DISCOURS DE S.Exc. Mgr PAUL RICHARD GALLAGHER,
SECRÉTAIRE POUR LES RELATIONS AVEC LES ÉTATS

New York
Vendredi 2 octobre 2015

 

Monsieur le président, faisant écho aux sentiments du Pape François, qui a récemment rendu visite à ce siège des Nations unies, je renouvelle les félicitations du Saint-Siège pour votre élection en tant que président de la soixante- dixième session de l’assemblée générale. Je salue également tous les participants réunis ici, en souhaitant un travail fructueux qui donne un nouvel élan à l’engagement en vue d’un monde qui puisse vivre dans la paix et la sécurité, dans le respect des droits humains et qui offre à tous les conditions nécessaires pour un développement humain intégral. De façon significative, le 24 de ce mois, sera célébrée l’entrée en vigueur de la Charte des Nations unies.

L’Agenda 2030

Le sommet des chefs d’Etat et de gouvernement qui vient de se conclure a adopté un plan d’action pour le bien-être des peuples et de la planète et pour renforcer la paix dans une plus grande liberté. A cette fin, les signataires de l’Agenda 2030 ont pris l’engagement de donner un rythme stable et durable à l’économie mondiale (cf. Transforming our World: the 2030 Agenda for Sustainable Develoment, préambule). Le Saint-Siège ne peut que se réjouir, avec tous les gouvernements qui ont pris part au processus de rédaction de l’Agenda, et avec leurs citoyens. J’aimerais rappeler ici que, avant même la fin des négociations, le Saint-Père avait déclaré que le nouvel Agenda 2030 pour le développement durable était un signe d’espérance important pour toute l’humanité.

Guerres et conflits

Le triste panorama de la guerre contraste douloureusement avec les espérances fondées suscitées par l’Agenda 2030 et par l’Action Agenda de la troisième Conférence internationale sur le financement du développement (Addis Abeba, juillet 2015). Il est évident que si les conflits ne sont correctement résolus, tous les efforts pour éliminer la pauvreté échoueront. Le Saint-Siège est donc sérieusement préoccupé par les conséquences mondiales des conflits mais surtout, il ressent une profonde douleur pour les innombrables victimes de ces guerres et désire unir sa voix au cri de tous ceux qui souffrent.

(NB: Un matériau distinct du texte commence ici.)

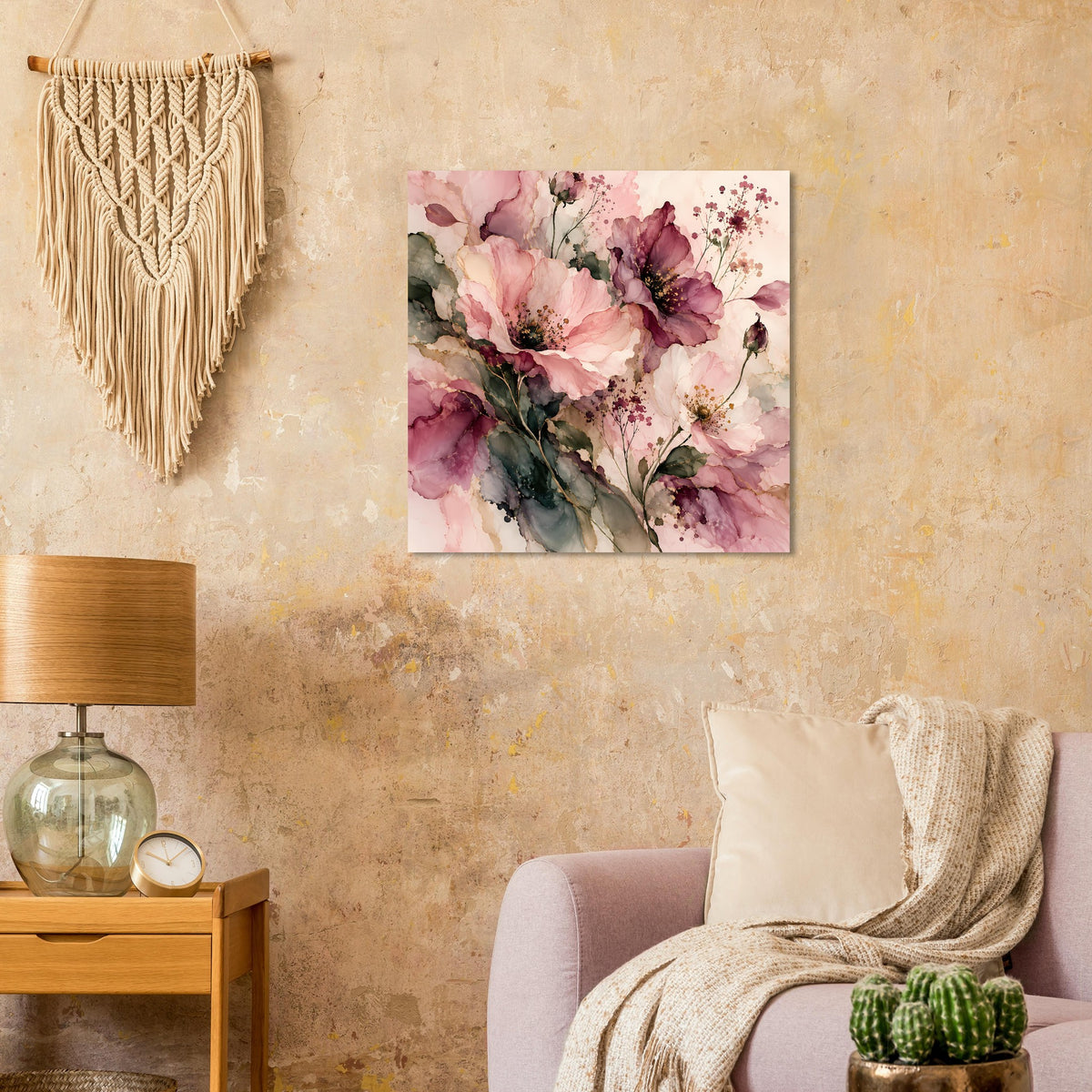 Blumenposter mit rosa und burgunderroten Blütenzweigen, grünen Blättern und Punkten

Il faut reconnaître qu’au cours des soixante-dix dernières années, les Nations unies ont réussi à éviter un grand conflit mondial et le déclenchement de nombreuses guerres entre des Etats-membres. De même, elles ont arrêté ou résolu un grand nombre de conflits régionaux et des situations complexes de guerre civile. Néanmoins, il y a actuellement au moins cinquante conflits ou situations de conflit latent, auxquels s’ajoutent les actions d’organisations terroristes et criminelles internationales, constituées comme des quasi-Etats et comme une sorte de communauté internationale alternative. Nous avons malheureusement sous les yeux l’immense tragédie de la guerre en Syrie, avec ses milliers de morts, ses millions de réfugiés, et ses terribles conséquences pour la stabilité de la région. De même, les difficultés de la Libye, de l’Afrique centrale, de la région des Grands Lacs et du Soudan du Sud, doivent rester au centre de l’attention de la communauté internationale. Il ne faut pas non plus oublier la situation dramatique en Ukraine, ainsi que les nombreux autres conflits plus petits ou plus limités, les violations du droit humanitaire ou les guerres atypiques du trafic de drogue et d’autres formes de criminalité.

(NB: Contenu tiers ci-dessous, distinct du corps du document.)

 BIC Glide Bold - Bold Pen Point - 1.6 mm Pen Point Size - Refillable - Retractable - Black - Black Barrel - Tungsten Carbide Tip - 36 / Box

Il y a ensuite le très grave conflit du Moyen-Orient, en cours depuis les premières années des Nations unies. Cette région, berceau des civilisations, est plongée dans une situation qui mêle toutes les formes de conflit et tous les sujets possibles: acteurs étatiques et non-étatiques, groupes ethniques et culturels, terrorisme, criminalité, etc.

Les «médias diffusent, aujourd’hui, en temps réel les atrocités et les violations inouïes des droits de l’homme engendrés par ces conflits» (Pape François, Discours aux participants à la rencontre promue par le Conseil pontifical Cor Unum, 17 septembre 2015) risquant de provoquer, en raison même de leur ample diffusion et répétition, une accoutumance et une indifférence paralysantes. Pour sa part, la communauté internationale doit percevoir sa grave responsabilité d’agir résolument, en renouvelant ses structures politiques et juridiques afin de pouvoir limiter et guérir rapidement, efficacement et dans la mesure du possible, les effets des crises actuelles liées à la guerre.

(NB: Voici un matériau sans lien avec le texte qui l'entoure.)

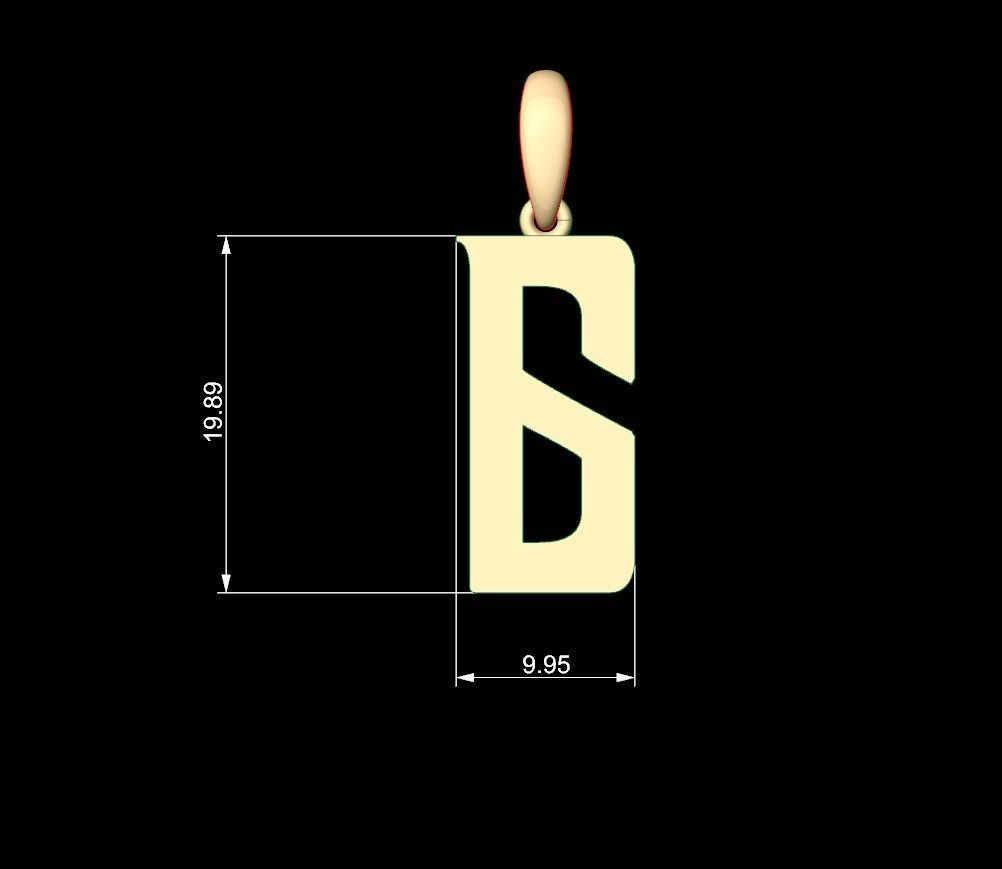 Initial Letters Pendant BASTERU G 3D print model_4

Migrations, réfugiés et personnes déplacées

Un paradoxe douloureux veut que précisément au cours du soixante- dixième anniversaire de l’ONU, on assiste au plus grand exode de populations depuis ceux provoqués par la Seconde guerre mondiale. Des populations entières sont déplacées, en cherchant à fuir la guerre, la persécution, l’exploitation et la pauvreté. Malheureusement, ces vagues de migrations attirent davantage l’attention en raison de la charge supplémentaire et imprévue de problèmes qu’elles entraînent dans les pays de transit ou d’arrivée qu’en raison du tribut de vies humaines payé par des millions de personnes innocentes.

En outre, en réponse à de tels déplacements de masse, à la peur du terrorisme et à d’autres problèmes locaux, est réapparue la pratique de construire des murs et des barrières entre les peuples. C’est un triste phénomène d’inhumanité, une solution improvisée et inefficace de sécurité que les événements de la fin des années 80 du siècle dernier semblaient avoir définitivement destinés à l’oubli.

Dans le même temps, le Saint-Siège désire lancer un appel urgent aux Etats afin qu’ils dépassent toute forme d’égoïsme nationaliste et, surtout, qu’ils reconnaissent l’unité de notre famille humaine et qu’ils aient confiance en la personne humaine. L’histoire lointaine et récente nous enseigne que les migrants, même dans les situations les plus dramatiques de déplacement, ont toujours apporté une contribution positive à leur pays d’accueil; mais, de façon plus importante encore, ce sont des femmes et des hommes qui, en tant que tels, ont un droit universel et erga omnes à la vie et à la dignité.

Lignes de réflexion et d’engagement des Nations unies

Outre l’accueil, le drame actuel exige un engagement urgent à résoudre les causes qui obligent les peuples à fuir et à prendre des décisions réelles, efficaces et généreuses en faveur de la paix et du développement humain intégral. L’engagement solennel à mettre en œuvre l’Agenda 2030 est donc plus que jamais opportun et doit être mené de façon courageuse. Il faut quoi qu’il en soit être conscients que sans la paix entre les peuples et les nations, il sera impossible de donner suite à cet Agenda.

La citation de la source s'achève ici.